| Exercise details |
The entries below should be repeated exactly, with no pictures carried over.

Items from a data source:

☆ ☆ ☆ ☆ ☆

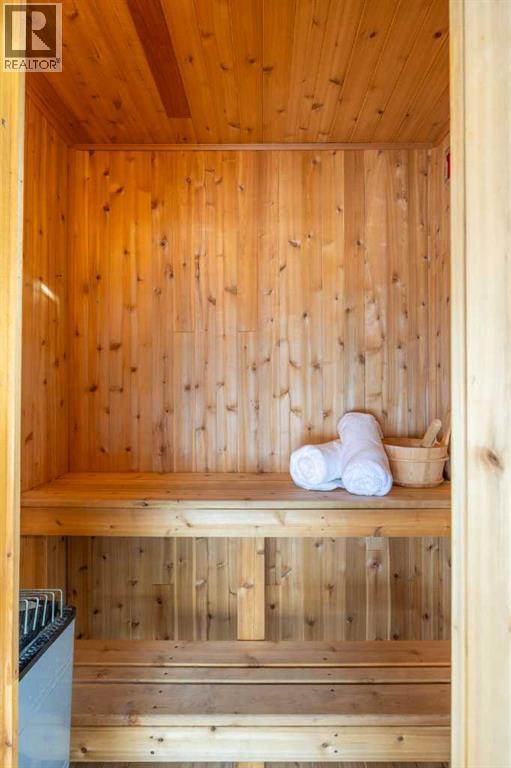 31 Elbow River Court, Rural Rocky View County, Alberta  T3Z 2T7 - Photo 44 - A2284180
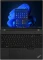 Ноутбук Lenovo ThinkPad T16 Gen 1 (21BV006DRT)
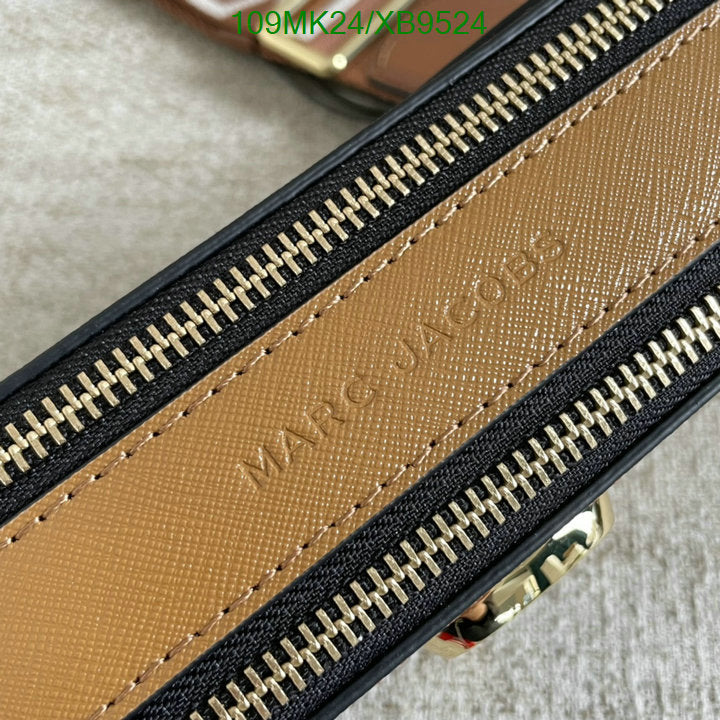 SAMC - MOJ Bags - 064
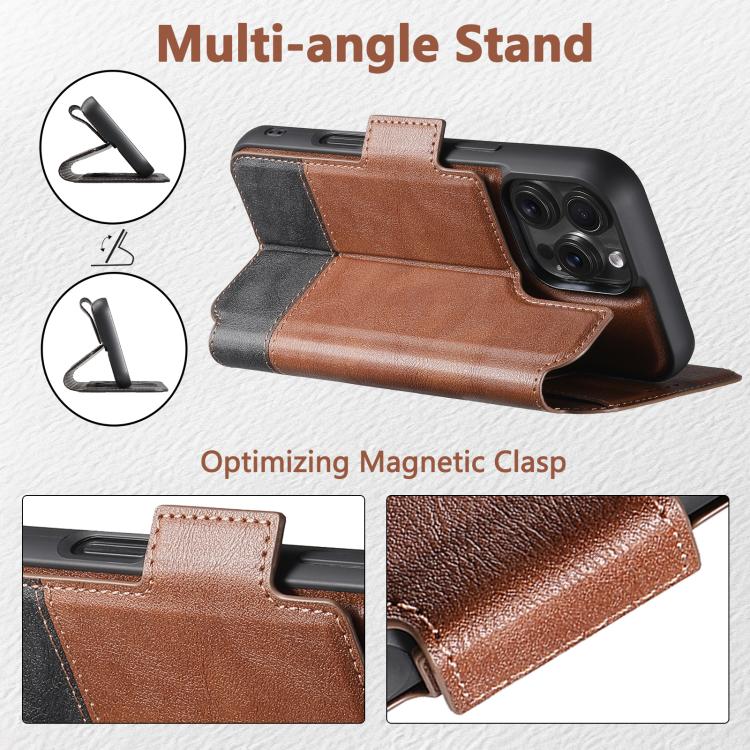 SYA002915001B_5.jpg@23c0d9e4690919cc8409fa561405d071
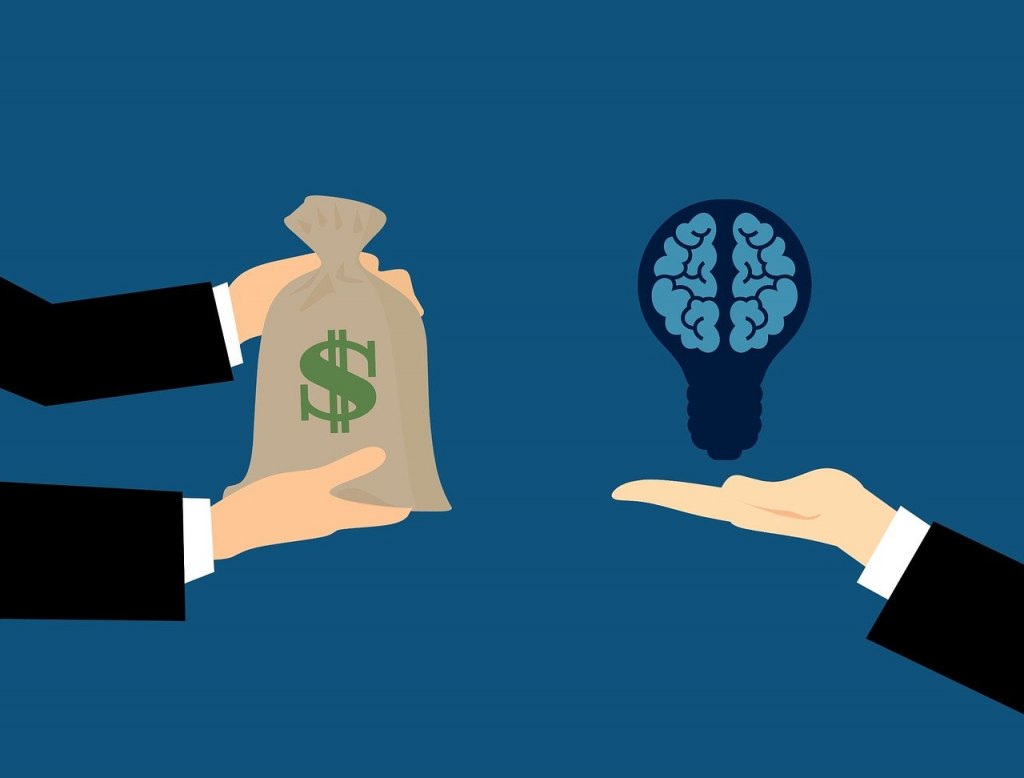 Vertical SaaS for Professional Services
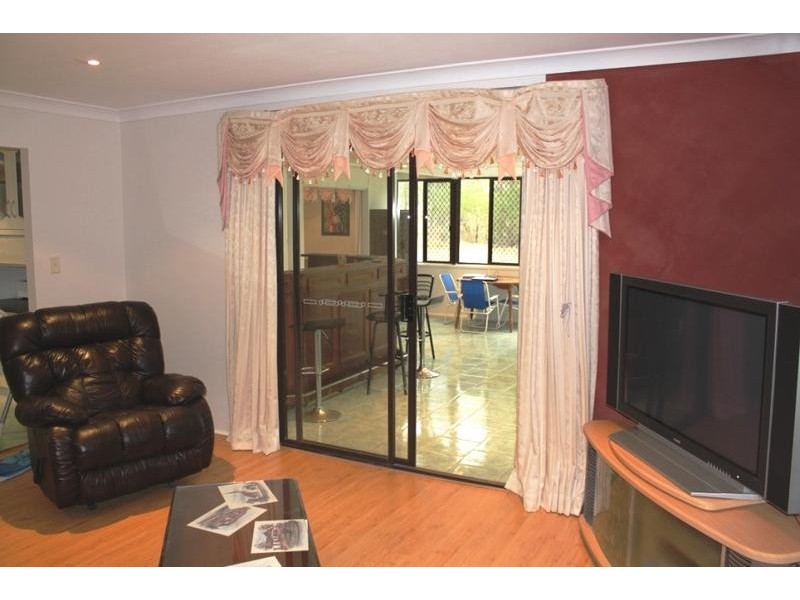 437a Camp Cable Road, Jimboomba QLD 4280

☆ ☆ ☆ ☆ ☆

| Task answer |
 31 Elbow River Court, Rural Rocky View County, Alberta  T3Z 2T7 - Photo 44 - A2284180
 Ноутбук Lenovo ThinkPad T16 Gen 1 (21BV006DRT)
 SAMC - MOJ Bags - 064
 SYA002915001B_5.jpg@23c0d9e4690919cc8409fa561405d071
 Vertical SaaS for Professional Services
 437a Camp Cable Road, Jimboomba QLD 4280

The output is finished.